Scraped caption text data
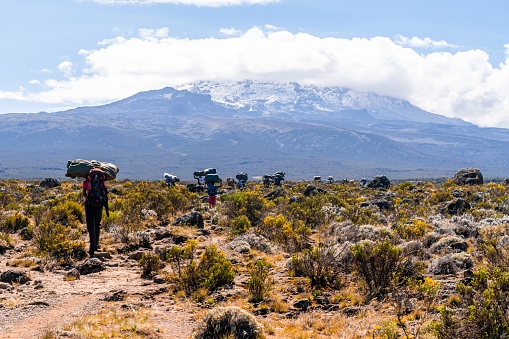 The hikers climbing Mount Kilimanjaro in Tanzania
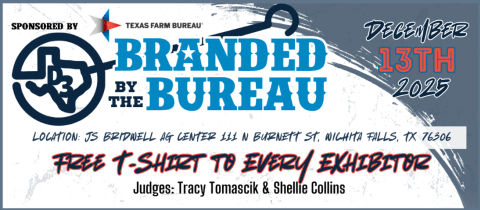 Branded By The Bureau cover photo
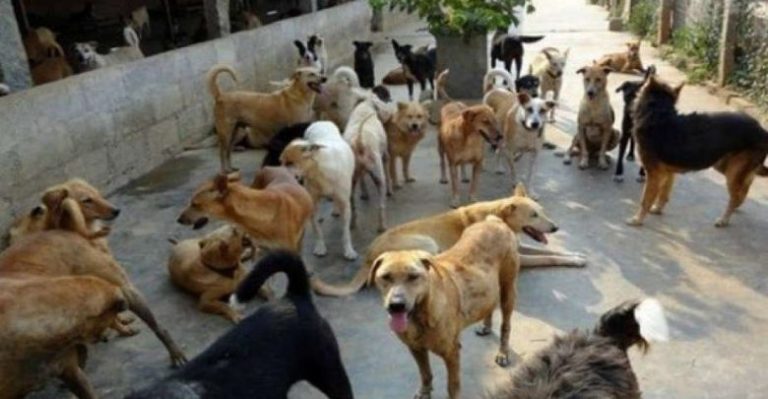 مأوى للكلاب الشاردة في بعلبك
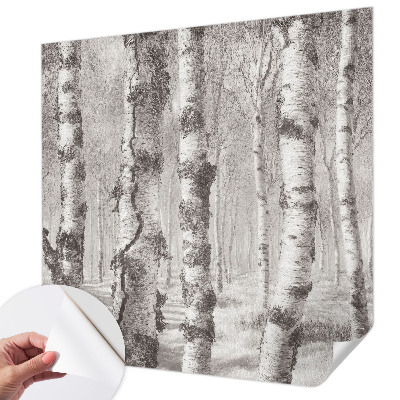 3D fototapet med motiv av en björkskog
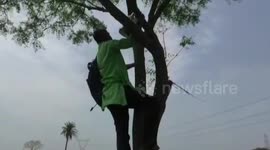 Dedicated teacher climbs TREE to get data connection and continue online classes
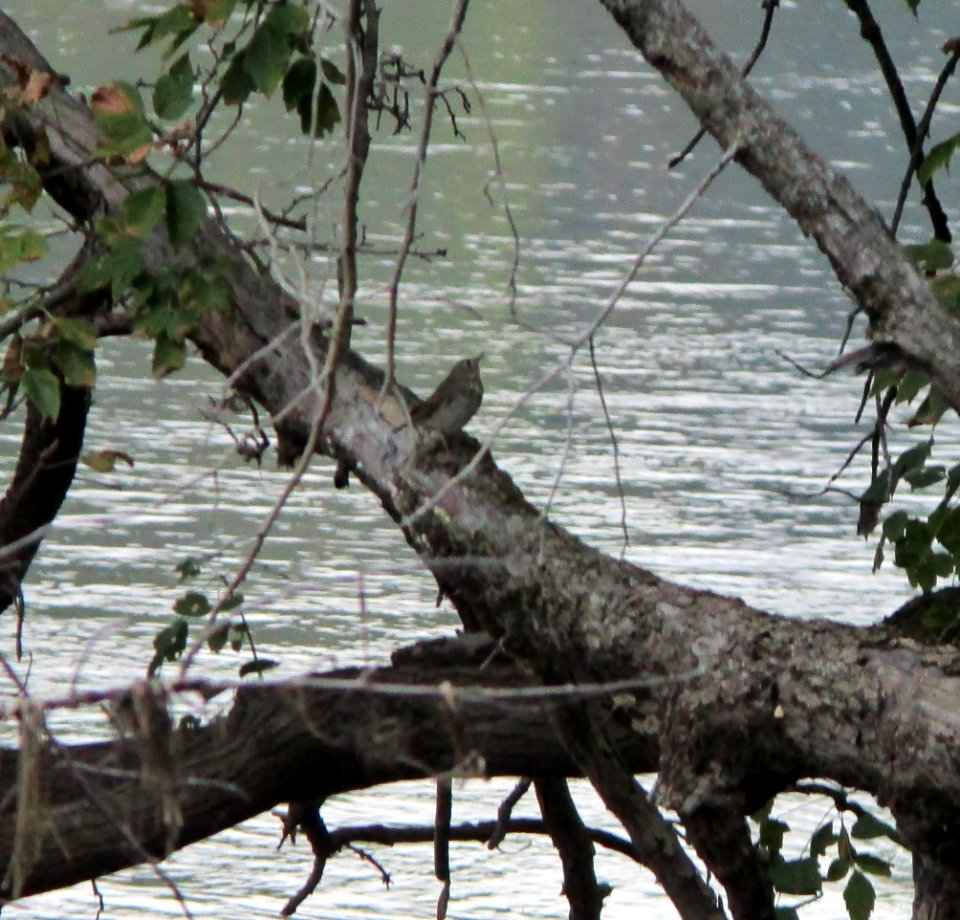 IMG 0190 c Gray-cheeked Thrush  Bourbonnais IL 9-25-2014 (Photo thru bins)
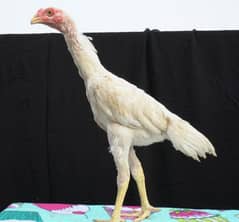 ASEEL White o shamoo chicks | black king shamoo | shamoo ASEEL hens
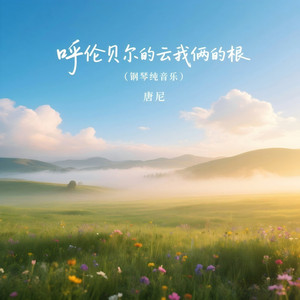 呼伦贝尔的云我俩的根（钢琴纯音乐） by 唐尼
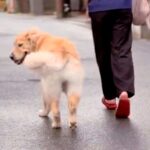 赤ちゃんを抱っこしている最中、大型犬は何回振り向くのか試したら…思わず笑顔になる『検証結果』が話題　ペースを合わせる優しさにほっこり(ブログ)
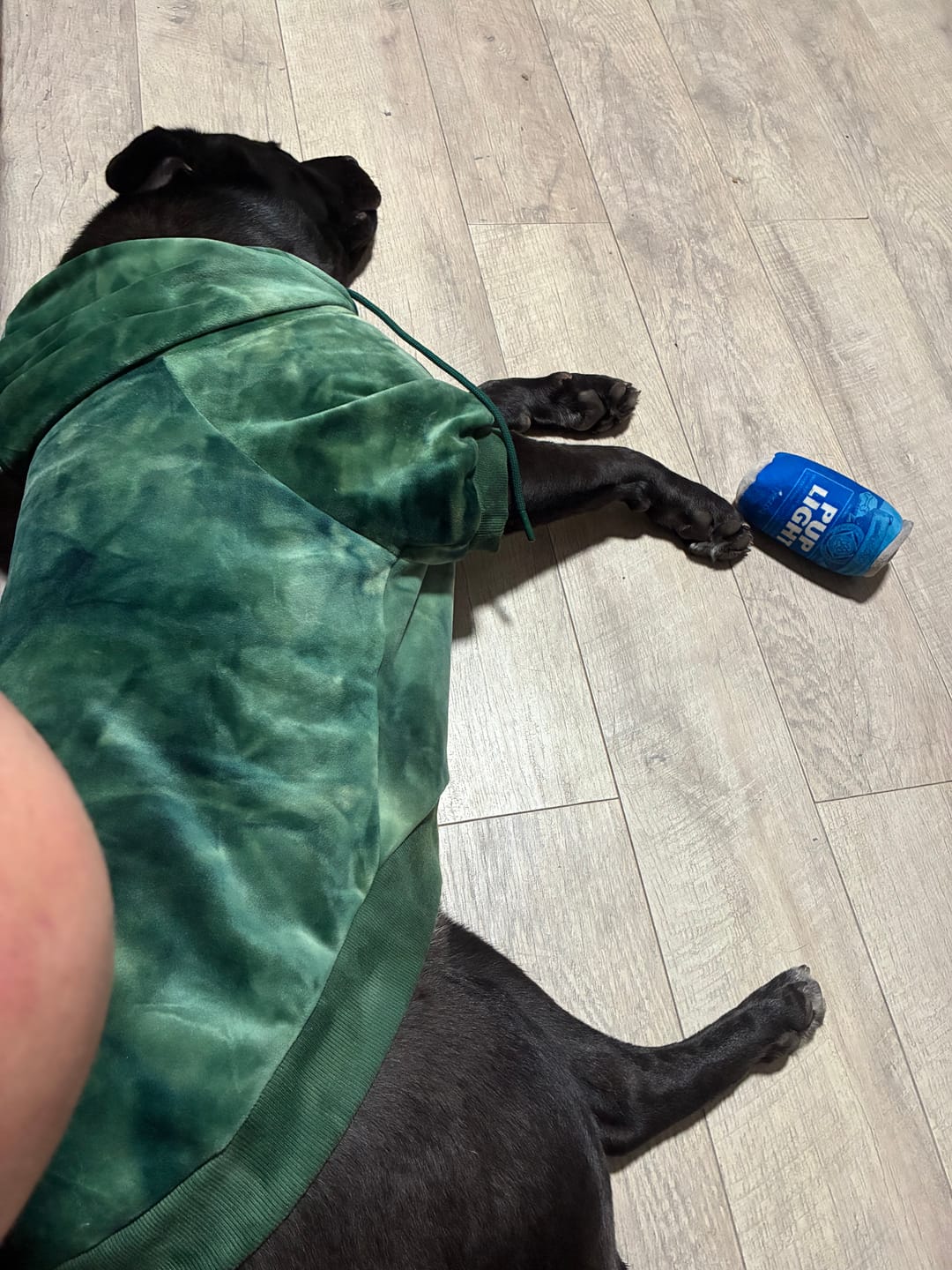 Customer photo review of Velvet Dog Hoodie - Emerald Green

▸ **TASK DESCRIPTION**
All records above must be copied exactly, though the pictures they hold are to be left out.

▸ **PROBLEM SOLUTION**
 The hikers climbing Mount Kilimanjaro in Tanzania
 Branded By The Bureau cover photo
 مأوى للكلاب الشاردة في بعلبك
 3D fototapet med motiv av en björkskog
 Dedicated teacher climbs TREE to get data connection and continue online classes
 IMG 0190 c Gray-cheeked Thrush  Bourbonnais IL 9-25-2014 (Photo thru bins)
 ASEEL White o shamoo chicks | black king shamoo | shamoo ASEEL hens
 呼伦贝尔的云我俩的根（钢琴纯音乐） by 唐尼
 赤ちゃんを抱っこしている最中、大型犬は何回振り向くのか試したら…思わず笑顔になる『検証結果』が話題　ペースを合わせる優しさにほっこり(ブログ)
 Customer photo review of Velvet Dog Hoodie - Emerald Green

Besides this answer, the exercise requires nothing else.